TIANJIN, China (Reuters) - The construction of transportation and power infrastructure across Africa could provide the next big opportunity for Chinese firms aiming to invest in the continent, a senior executive with South Africa’s Standard Bank told Reuters.
Speaking on the sidelines of a mining conference, Andrew King, the bank’s Asia chief executive, said the big advantage Chinese developers have over their Western counterparts is the Chinese firms’ access to financing from government policy banks.
“If big mining is going to take place in Africa, it’s going to require significant investment in infrastructure -- in ports, railways, roads and power,” he said.
“For many of the contractors in China, it is going to be a great opportunity -- a lot of companies from Europe or Brazil could do it, but (Chinese firms) have the ability to provide funding through the policy banks.”
The World Bank said in a report earlier this year that Africa had to fill an investment gap of $31 billion per year if it was to build the infrastructure it required.
Companies like the China Railway Construction Corp and China Harbour Engineering are already looking at opportunities across Africa, King noted.
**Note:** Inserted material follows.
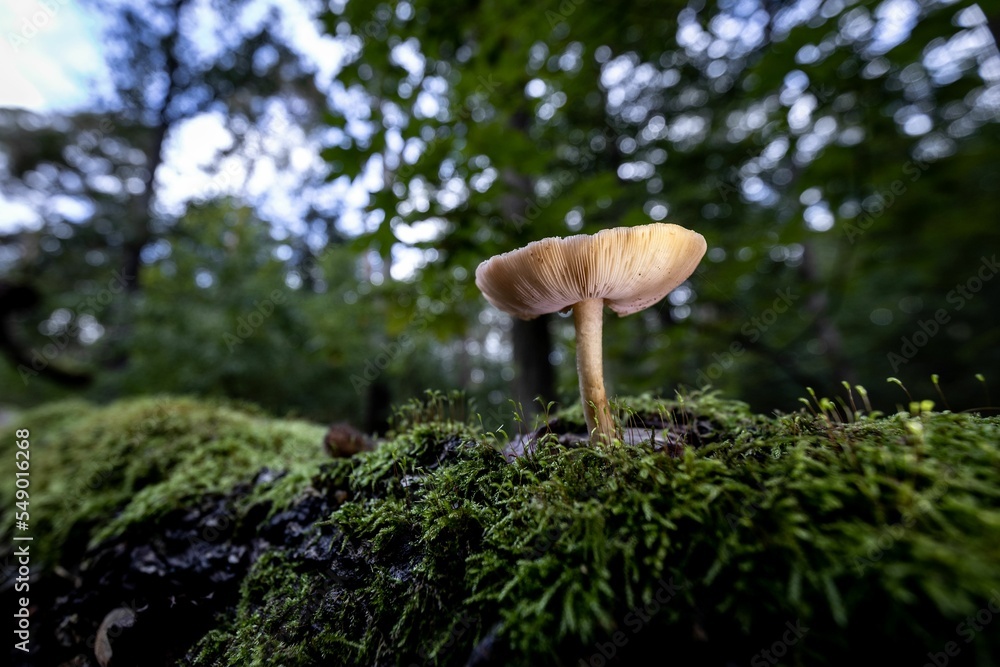 Naklejka premium mushroom fascination, a walk through the autumnal forest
China Railway signed a memorandum of understanding earlier this year with Standard Bank to cooperate on funding rail and infrastructure projects in Africa.
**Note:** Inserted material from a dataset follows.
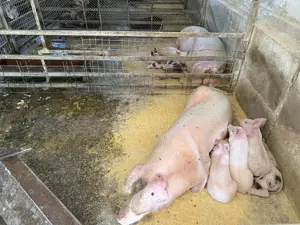 Catun   Ferma autorizata " Tip A " pentru cresterea porcilor - IMOBIHOR  - imagine 12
The bank also has an agreement with the China Guangdong Nuclear Power Corp to cooperate on nuclear projects in South Africa.
China has come under increasing scrutiny as it strengthens its presence in Africa, with many concerned that Chinese enterprises are only interested in shipping the continent’s raw materials back to China, but King said the worries are exaggerated.
“One of the things that has struck me is that there have been a lot of MOUs signed about securing resources, but if you had to do an analysis of MOUs signed versus execution -- deals done, projects built -- I think the correlation is very low. I don’t think it is nearly as big an issue as people make it out to be.”
Many of the problems arise from misunderstandings, he added.
“The challenges for mining companies is they are not used to going offshore. It’s new for them. In China they know what needs to be done, what the rules are, but if they go into these new jurisdictions they need a lot of time understanding local rules and what these countries are looking for.”
The Industrial and Commercial Bank of China sought “a window into Africa” by buying a 20 percent stake in Standard Bank, and the agreement has already given the South African lender a bigger profile in China itself, King said.
But Standard Bank chief executive Jacko Maree told Reuters in September that he was “disappointed” by the failure to convert the partnership into concrete deals.
King agreed that progress has been slow so far.
“Building relationships in China is a long-term endeavour -- it doesn’t happen overnight,” he said.
“Our focus is cross-border transactions -- we are not trying to compete in China. And cross-border opportunities, if you like, are some of the most difficult types of transactions to do. A lot of hard work is needed to make (Chinese companies) comfortable with the risk.”